# salt water fishing in my TInboat! many PICS



## skimsucka (Feb 19, 2012)

Well everyone its been a long while since I have been on here haven't lost interest just haven't had much time . Got a new 7'6 star medium light rod with a 3k FJ stradic <3, anyhow here's some pics from recent catches and trips I've made in the saltwater zone 























































I also have been shooting go pro footage of (big)catches ill eventually compile and upload to post 
and here's a lake i hit literally right off interstate 95 pulled my little car right off the highway ahah


----------



## 200racing (Feb 19, 2012)

you ever eat snook?


----------



## Captain Ahab (Feb 19, 2012)

Nice stuff man - never overlook those little ponds and lakes, they are often hardly fished and there are usually a few big ones in each


----------



## cole.manns (Feb 19, 2012)

200racing said:


> you ever eat snook?



Unless your up in the panhandle there closed. We had a big freeze which killed a ton of them a couple years ago.


----------



## skimsucka (Feb 19, 2012)

cole.manns said:


> 200racing said:
> 
> 
> > you ever eat snook?
> ...



down here the season just opened feb 1st allowed 1 fish a day 28-32 inches !




200racing said:


> you ever eat snook?



haven't yet I'm allergic to shrimp even if i touch it and have never ate seafood all though i live at the beach pretty much but as soon as i catch a slot I'm going to try I hear its very very good my friend manages to catch 2 slots a week some how



Captain Ahab said:


> Nice stuff man - never overlook those little ponds and lakes, they are often hardly fished and there are usually a few big ones in each



always hit those !


----------



## Jim (Feb 23, 2012)

Hey!
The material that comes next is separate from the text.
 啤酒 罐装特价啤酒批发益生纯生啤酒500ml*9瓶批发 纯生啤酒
Long time no see! 

Glad your still floating around! Great report!

Jim


----------



## DocWatson (Feb 23, 2012)

200racing said:


> you ever eat snook?


“Snook have excellent flavor because they eat crustaceans and other fish … The flesh is dense and firm, delicate and flaky, and has moderate oil content and full-bodied flavor.”
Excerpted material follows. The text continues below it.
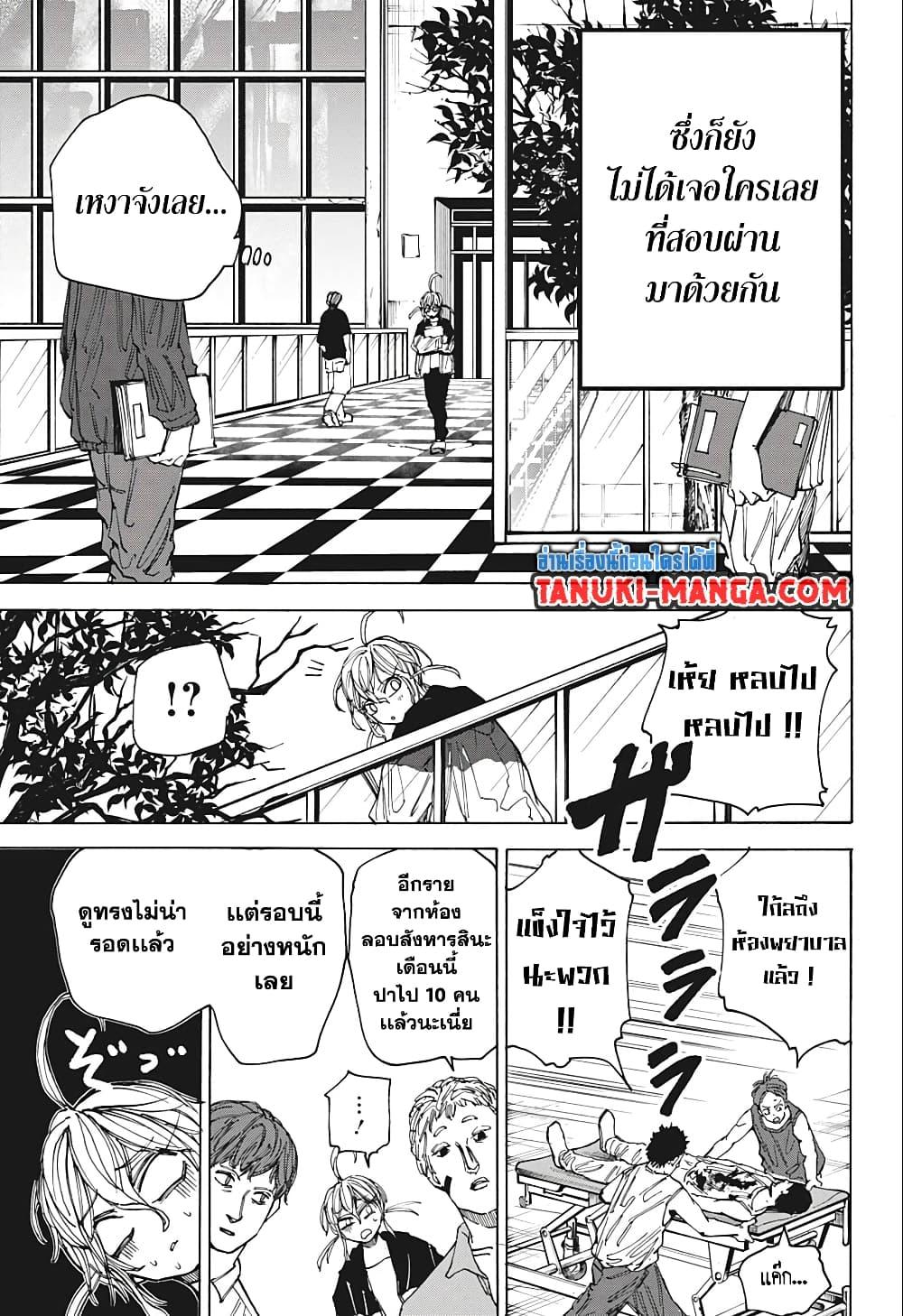 Manga-lc-com อ่านมังงะ อ่านการ์ตูน ออนไลน์ ฟรี Sakamoto Days ตอนที่ 1 2 3 4 5 6 7 8 9 10 11 12 13 14 ฟรี ไม่มีโฆษณา Manga-lc - อ่าน มังงะ อ่าน การ์ตูน ออนไลน์ อ่านมังงะ ฟรี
https://chowhound.chow.com/topics/732823


----------



## clamman (Feb 24, 2012)

Hey Skim!

Man do I ever ENVY you !!! Great photos! 
Nothing like catching Snook....run....fight....JUMP....
and then they take you to the closest barnacle covered piling or mangrove root and ....See Ya !! #-o 

Nice Redfish and good size Trout...you are living large , my friend.....
Enjoy EVERY moment of it . =D>


----------



## shamoo (Feb 29, 2012)

Great post and nice pictures, way to stretch that line sucka =D>


----------



## Galveston340 (Mar 15, 2012)

*.....some excellent pics! *


----------



## jeko1958 (Apr 10, 2012)

Great post...thanks for sharing!


----------